A few weeks ago, I came across an interesting game called Wikirace by watching some streamers play this game. A Wikirace is a race between any number of participants, using links to travel from one Wikipedia page to another.

Normally the participants start at a random Wikipedia page and choose a destination page. For example, they could start at the Wikipedia page of “Sweden” and the destination page is “Dracula”. The goal is to reach the destination page, “Dracula”, from the source page, “Sweden”, only by using the hyperlinks on the Wikipedia sites. The first person to reach the destination page, or the person that reaches the destination using the fewest links, wins the race.

Although the game itself is interesting and fun, it was the optimal solution that caught my eye. What is the optimal path from a source page to a target page by only using hyperlinks in Wikipedia? After analyzing the problem, I figured a graph database with shortest path algorithms would be the best solution to find the optimal paths. In this project I will use the Neo4j graph database. I will start this article with a quick introduction in graph databases.
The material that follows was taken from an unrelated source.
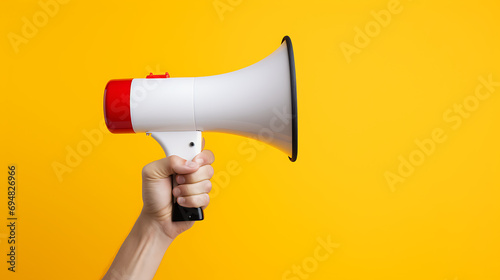 Hand holding a megaphone on a yellow background with copy space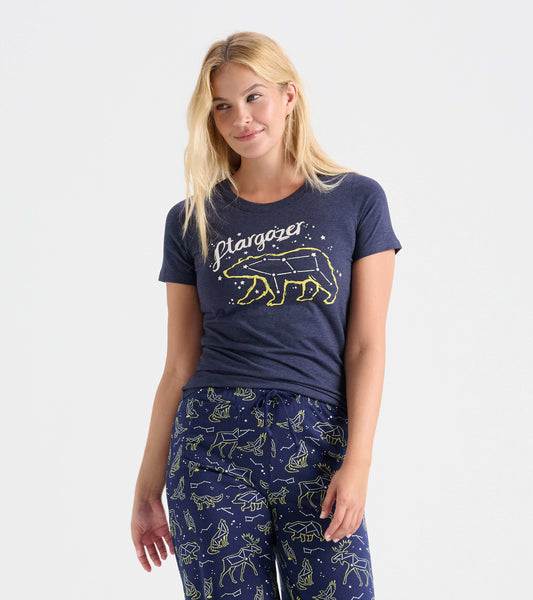 Navy blue pajama t-shirt featuring a bear constellation graphic and "Stargazer" text, paired with patterned pajama pants.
Illustration of a graph database by Martin Grandjean. CC BY-SA 4.0

Graph Database

A graph database (GDB) is a database which uses graph structures for semantic queries with nodes, edges, and properties to represent and store data. Using a GDB I can structure the relations between all Wikipedia pages. In a GDB, a relation between two nodes could be represented like this:

(n:SourceNode)-[RELATION]->(m:TargetNode)

For example, on the Wikipedia page of Sweden, shown below, the relation to other hyperlinks can be structured as:

(n:Sweden)-[HyperLink]->(m:Nordic country) 
(n:Sweden)-[HyperLink]->(m:Finland)
Snipped text from Wikipedia page of Sweden.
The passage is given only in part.